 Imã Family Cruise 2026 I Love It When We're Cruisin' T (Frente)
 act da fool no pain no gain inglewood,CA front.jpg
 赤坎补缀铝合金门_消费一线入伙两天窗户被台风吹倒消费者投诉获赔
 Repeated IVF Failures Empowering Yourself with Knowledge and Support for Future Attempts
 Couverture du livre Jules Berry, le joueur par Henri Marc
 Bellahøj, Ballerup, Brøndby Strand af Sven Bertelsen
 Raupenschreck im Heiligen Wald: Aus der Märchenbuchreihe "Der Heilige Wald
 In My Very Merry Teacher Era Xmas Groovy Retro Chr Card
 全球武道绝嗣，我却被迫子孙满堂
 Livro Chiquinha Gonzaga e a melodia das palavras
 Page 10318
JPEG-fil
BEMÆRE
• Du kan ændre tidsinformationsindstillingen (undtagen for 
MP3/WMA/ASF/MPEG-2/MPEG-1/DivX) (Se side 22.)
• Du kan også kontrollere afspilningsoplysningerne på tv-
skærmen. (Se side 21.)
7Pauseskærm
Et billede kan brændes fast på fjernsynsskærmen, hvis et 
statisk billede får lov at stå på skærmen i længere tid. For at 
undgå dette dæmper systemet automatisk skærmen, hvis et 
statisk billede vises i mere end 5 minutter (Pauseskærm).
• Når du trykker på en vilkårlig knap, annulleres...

_ _ _ _ _

The full set of data above must come back exactly as written.

 Imã Family Cruise 2026 I Love It When We're Cruisin' T (Frente)
 act da fool no pain no gain inglewood,CA front.jpg
 赤坎补缀铝合金门_消费一线入伙两天窗户被台风吹倒消费者投诉获赔
 Repeated IVF Failures Empowering Yourself with Knowledge and Support for Future Attempts
 Couverture du livre Jules Berry, le joueur par Henri Marc
 Bellahøj, Ballerup, Brøndby Strand af Sven Bertelsen
 Raupenschreck im Heiligen Wald: Aus der Märchenbuchreihe "Der Heilige Wald
 In My Very Merry Teacher Era Xmas Groovy Retro Chr Card
 全球武道绝嗣，我却被迫子孙满堂
 Livro Chiquinha Gonzaga e a melodia das palavras
 Page 10318
JPEG-fil
BEMÆRE
• Du kan ændre tidsinformationsindstillingen (undtagen for 
MP3/WMA/ASF/MPEG-2/MPEG-1/DivX) (Se side 22.)
• Du kan også kontrollere afspilningsoplysningerne på tv-
skærmen. (Se side 21.)
7Pauseskærm
Et billede kan brændes fast på fjernsynsskærmen, hvis et 
statisk billede får lov at stå på skærmen i længere tid. For at 
undgå dette dæmper systemet automatisk skærmen, hvis et 
statisk billede vises i mere end 5 minutter (Pauseskærm).
• Når du trykker på en vilkårlig knap, annulleres...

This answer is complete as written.